Since all alternative printing techniques work by contact printing, the size of the print equals the size of the negative. Since I am not taking large format photos, the best way to obtain negatives of suitable size was the digital way: transforming a digitalized photo into a negative and print it on a kind of overhead projecting transparency (I use Mitsubishi Pictorico OHP on the Epson 3800 printer). The alternative printing techniques I tried so far (argyrotype and kallitype) require very dense negatives. Most helpful in learning how to adjust them was the book by Ron Reeder, Digital Negatives (2010). The curves that have to be applied in photoshop are rather harsh, therefore it is very important not to create any rupture in the tonal transitions.
According to my experience so far, argyrotype and kallitype can use the same negatives.

3) Paper.
The next hurdle was the choice of paper. For argyrotype, I used Fabriano Artistico paper without problems.
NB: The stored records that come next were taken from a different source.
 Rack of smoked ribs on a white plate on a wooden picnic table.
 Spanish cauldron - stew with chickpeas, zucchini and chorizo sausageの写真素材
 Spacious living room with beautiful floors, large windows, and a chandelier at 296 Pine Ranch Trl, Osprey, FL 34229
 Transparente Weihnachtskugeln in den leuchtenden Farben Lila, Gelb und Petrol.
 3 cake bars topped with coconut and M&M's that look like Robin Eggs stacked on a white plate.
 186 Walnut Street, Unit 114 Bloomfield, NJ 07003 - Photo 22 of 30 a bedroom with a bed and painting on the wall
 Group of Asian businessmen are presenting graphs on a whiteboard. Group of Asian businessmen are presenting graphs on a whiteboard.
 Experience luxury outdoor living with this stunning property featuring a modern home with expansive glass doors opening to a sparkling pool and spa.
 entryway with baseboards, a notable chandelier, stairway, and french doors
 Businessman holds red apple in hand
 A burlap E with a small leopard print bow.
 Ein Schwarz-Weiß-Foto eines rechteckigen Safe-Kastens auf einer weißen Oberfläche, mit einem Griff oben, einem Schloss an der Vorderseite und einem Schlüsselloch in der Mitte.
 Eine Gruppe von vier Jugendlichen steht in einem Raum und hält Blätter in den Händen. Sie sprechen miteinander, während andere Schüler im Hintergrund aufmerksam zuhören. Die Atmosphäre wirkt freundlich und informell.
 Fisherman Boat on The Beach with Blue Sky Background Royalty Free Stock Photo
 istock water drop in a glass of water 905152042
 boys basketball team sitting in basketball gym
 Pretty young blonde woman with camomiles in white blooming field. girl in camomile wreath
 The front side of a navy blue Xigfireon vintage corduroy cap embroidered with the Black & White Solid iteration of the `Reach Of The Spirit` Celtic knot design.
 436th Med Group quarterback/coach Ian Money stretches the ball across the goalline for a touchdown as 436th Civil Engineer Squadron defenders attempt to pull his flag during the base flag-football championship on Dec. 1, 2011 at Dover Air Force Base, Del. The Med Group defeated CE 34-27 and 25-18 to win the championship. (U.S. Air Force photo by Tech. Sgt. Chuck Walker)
But it seems to contain a buffering substance which reacts with the Kallitype sensitizer. It might be possible to clear the Fabriano paper in citric acid, but my attempt in doing this resulted in damaging the paper structure (maybe a bathed them too long). Anyway, I switched to Bergger COT 320, which works very well.

4) Water.
Germany is full of mineral water sources which might be good for the body (or not), for purposes of alternative printing the hard water here is unusable except for the final washing. Therefore, I use demineralized water for mixing the chemicals and some steps of washing the print.

5) Exposure.
For exposure, I use sunlight. I like the idea that natural light not only made the photos but also the prints ;-) During this summer, we had many days of fine weather, so I could somehow get used to the proper exposure times (which is quite convenient in avoiding too many failed prints...). It is about 4 min in full sunlight. Since I use a contact printing frame whose back is split in the middle it is possible to open it without loosening the negative and paper, and to check the exposure. The exposure is all right if the shadows are very well visible (in a sort of grey), the darkest parts starting to turn brown.
If I ever should switch to exposure by an artificial UV-lamp (a faceburner should be sufficient, it is said...) I will report about it...

6) Development.
Using the kallitype set provided by Wolfgang Moersch, I now take the following standard procedure:
- development in sodium citrate, about 4 min.
- clearing bath in 3% citrid acid solution. I use two bathes, each 3-4 min.
- washing in demineralized water, 1-2 min.
- fixing in Moersch ATS alkaline fixer 1+20, 1' - 1'30".
The tone of the print is mostly determined as brown in the development itself, according to my experience. The clearing bath makes it a little bit brighter and a little bit more orange. Fixing hardly changes the tone.

7) Toning.
As can be seen from my uploads, I discovered the pleasures of toning. Apart from palladium toning which should be done before fixing (and which turns the colour into a nice neutral-to-brownish grey), toning is done after fixing. I use again toners from Moersch and follow the instructions given there. It seems that kallitypes which are to be toned should be exposed rather longer.
In the case of sulphur toning, I use a bleaching bath mixed 1+60, for 20"-40". Then I wash with demineralized water and put the print for 30"-1' into the toning bath.
In the case of iron toning, I put the print for about 2 min into the toning bath. It seems very important to do the final washing also in demineralized water. Our tap water at least soon affects the iron toning.